Paraguai: Favorito nas eleições, bispo reúne novos apoios

Herdeiro da Teologia da Libertação, o bispo Fernando Lugo sacudiu a cena política paraguaia liderando atos contra o governo do Partido Colorado. Nesta entrevista, ele fala sobre seu projeto, sobre como tem reunido novos apoios e expõe suas impressões sobr

O espectro da ditadura ainda assombra o Paraguai 18 anos depois da queda de Alfredo Stroessner e de sua morte, no ano passado. Assim como no Chile, onde ainda há quem venere o legado de Pinochet, neste país encravado no coração da América do Sul permanecem vivos os “filhos” do “Stroessnerismo” (1954 -1989), o regime que acolheu hierarcas nazistas nos anos 50 e, décadas depois, os fundos milionários do reverendo coreano Sun Myung Moon. O mesmo Paraguai que, também, se subordinava a Washington para coordenar, com as demais ditaduras da região, a Operação Condor, de perseguição a milhares de dissidentes políticos.



Herdeiro da Teologia da Libertação, o bispo Fernando Lugo sacudiu a cena política local liderando há um ano uma mobilização multifacetada contra o governo do Partido Colorado. Desde então, a imprensa o batizou como “o Hugo Chávez paraguaio”, embora ele recuse esta comparação e mostre ter mais afinidades com o presidente boliviano Evo Morales.



O certo é que a mera possibilidade de que Lugo chegue ao Palácio de López (sede do governo) incomoda Washington, onde permanecem os temores pela irrupção de um outro presidente rebelde visto potencialmente como um novo membro do “eixo do mal” na região. O Paraguai é um país de vital importância geopolítica: com seus 406 mil quilômetros quadrados, tem fronteiras com o Brasil, a Argentina e a Bolívia.



No último Natal, Lugo também desafiou o Vaticano, ao anunciar que abandonava a vida religiosa para disputar a Presidência do país. Foi admoestado severamente pelo papa Bento XVI, que ameaçou excomungá-lo se não desistisse de suas aspirações. “Vejo a política como uma missão, creio que devemos fazer algo pelas grandes maiorias deste país que sequer começou a transição para a democracia”, afirma Lugo, favorito para as eleições do próximo ano em todas as pesquisas de opinião.
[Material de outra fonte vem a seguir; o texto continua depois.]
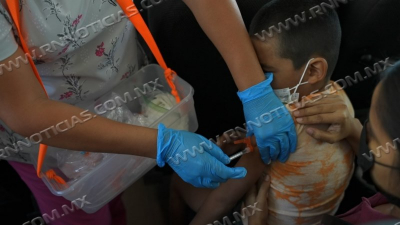 SIN REGISTRO PREVIO; VACUNA GOBIERNO MUNICIPAL 400 BEB&Eacute;S AL D&Iacute;A CONTRA COVID-19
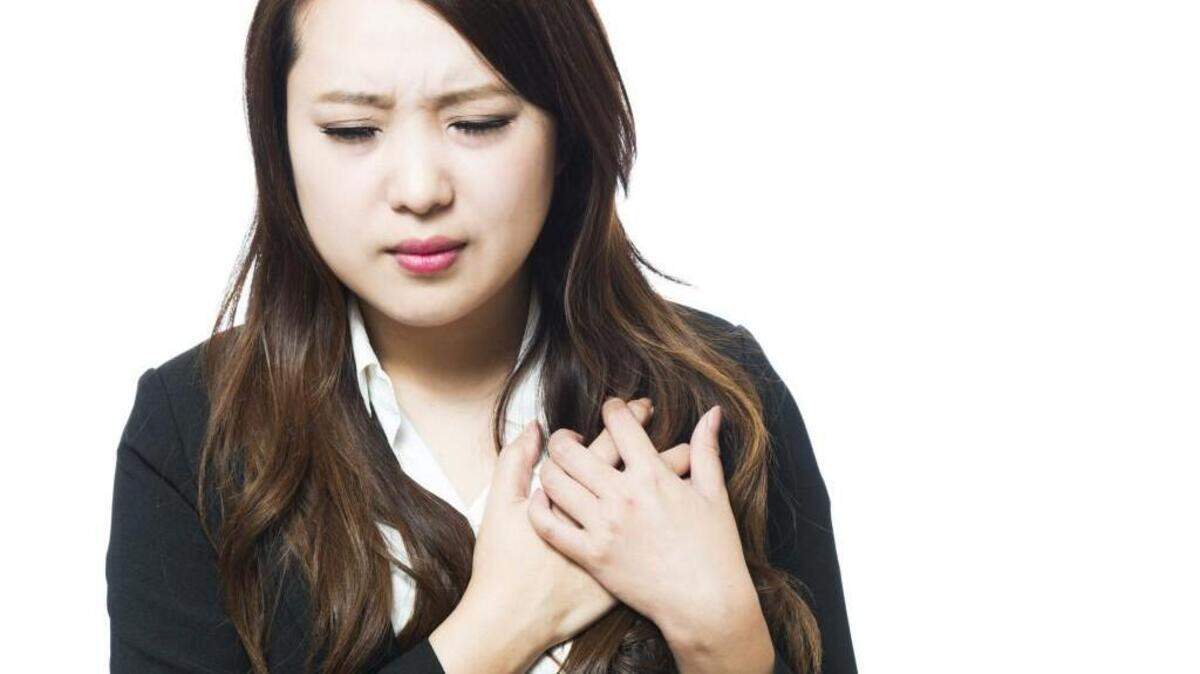Las mujeres tienen síntomas diferentes a los de los hombres cuando se trata de un ataque al corazón.
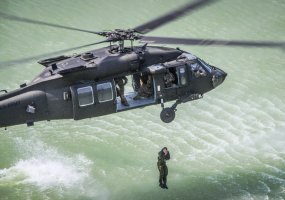 Helocasting: Lithuanian and U.S. troops trained "maritime insertion" on Lake Daugai  - 5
Fernando Lugo deixou a batina, mas não os hábitos adquiridos: “Bispo se é para sempre”, diz este homem de gestualidade religiosa que nas quase duas horas de entrevista não abandonou a parcimônia nem quando confrontado com perguntas sobre o risco de sua própria vida. Lugo nos recebeu em Lambaré, um subúrbio bucólico localizado a 10 km de Assunção que ficou famoso quando nele se descobriram os “arquivos do terror”, quatro toneladas de documentos dos militares chilenos, argentinos, bolivianos, brasileiros e uruguaios que permitiram reconstruir os fios e caminhos da Operação Condor. Ele vive numa casa simples, de pátio amplo, dominado por uma mangueira frondosa, sob a qual são freqüentes as rodadas de tererê, o mate frio, e sucos de frutas, servidos numa cuia.



A seguir, os principais momentos da entrevista.
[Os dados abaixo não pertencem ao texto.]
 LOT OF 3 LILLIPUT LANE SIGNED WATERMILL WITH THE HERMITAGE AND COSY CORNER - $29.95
Quem é contra a sua candidatura?
Fernando Lugo – Há aqueles que querem fazer desaparecer a esperança do povo, a busca de justiça e de eqüidade. Querem que os excluídos percam a esperança de ter um lugar na sociedade. Creio que o poder trabalha para impedir de chegar ao governo. Detectamos quatro roteiros possíveis para se contrapor à candidatura de Fernando Lugo. O primeiro já está em marcha, é a impugnação de minha candidatura com a cumplicidade de uma justiça rendida aos pés do poder. O segundo seria deixar-me competir e recorrer à fraude, com a mesma máquina de cooptação e adulteração das urnas que sempre se usou no Paraguai. O terceiro seria gerar um clima de insegurança e violência para não me entregar o poder. E se as anteriores fracassam, eles não descartam a eliminação física.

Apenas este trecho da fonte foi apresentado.